Sampling the Social Graph using Facebook Graph API
Sunday, April 25th, 2010Recently introduced Facebook Graph API represents an interesting source of data with a nice easy-to-appreciate context to it (everyone loves social). In order to motivate some of the examples in the blog, I have written up a simple quick&dirty Graph API client in Java :
that provides trivial-to-use interface for graph data processing :
SimpleGraphAPIClient client = new SimpleGraphAPIClient(fbToken);
LinkedList<FacebookUser> friends = client.getFriends();
for (FacebookUser friend : friends) {
LinkedList<LikedEntry> likes = client.getLikes(friend.getID());
LinkedList<PhotoEntry> photos = client.getPhotos(friend.getID());
LinkedList<GroupEntry> groups = client.getGroups(friend.getID());
// arbitrary dataset creation logic
}From a pure tool-perspective (without actually having an active fb app) - the dataset that can be generated is quite limited (bounded to the “neighborhood” of single user) - but even with that, a lot of interesting “play” data can be derived.

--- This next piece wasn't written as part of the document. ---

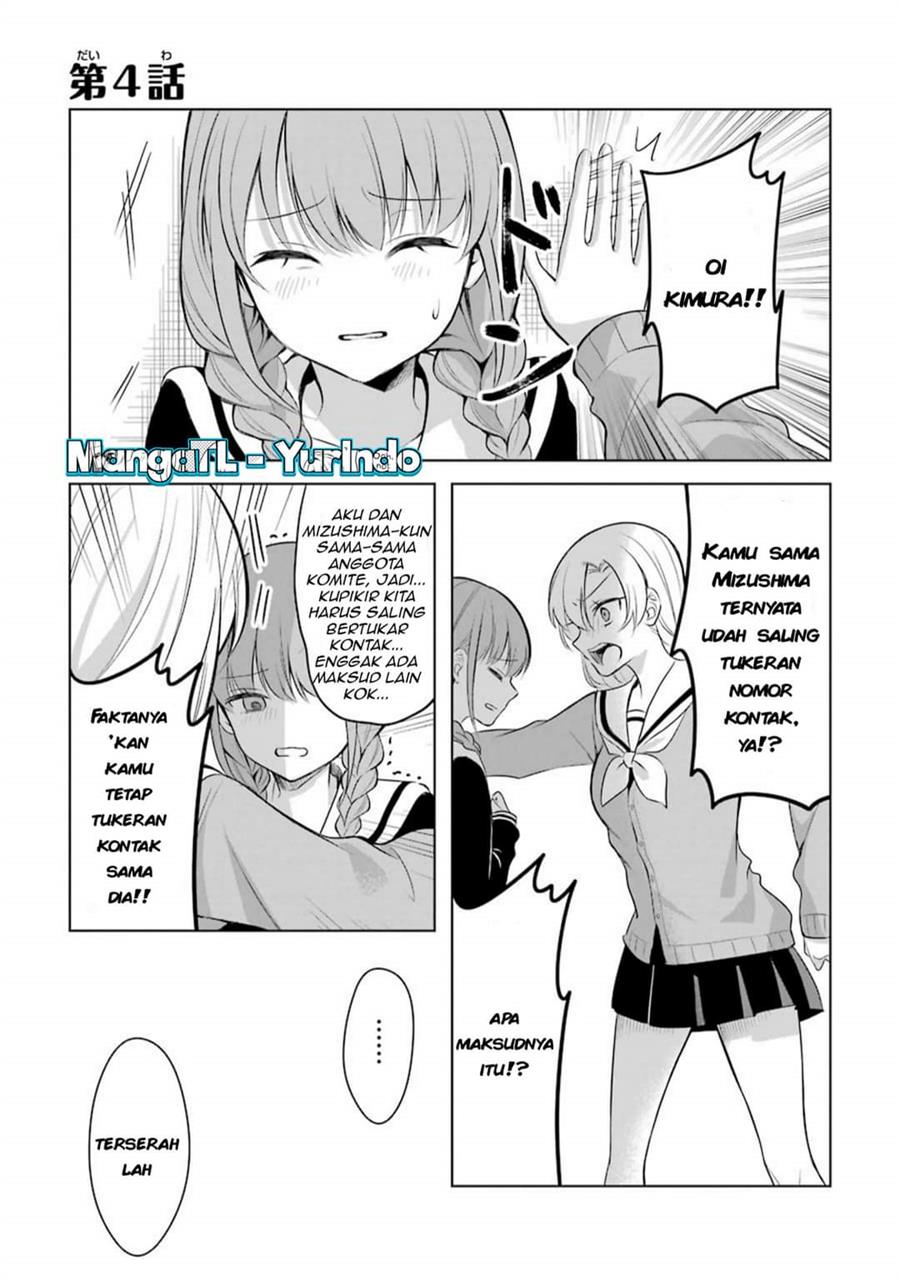 Shojo Manga Shujinko x Rival San Chapter 4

For example, at minimum, we can get a (num_likes, num_photos, num_groups) data for all “friend” users and to that we can add some “derived” metrics like average group size, photo age, etc. Modeling this data alone can motivate some very interesting problems.
Here is a simple plot of (num_likes, num_photos, num_groups) dataset of 170 anonymous users obtained in this manner:

(Note - some of the data that Graph API returns occassionaly doesn’t match actual state on the site - so some outliers might be just missing data on fb side. However, this (systematic bias) is what might make the dataset especially interesting
)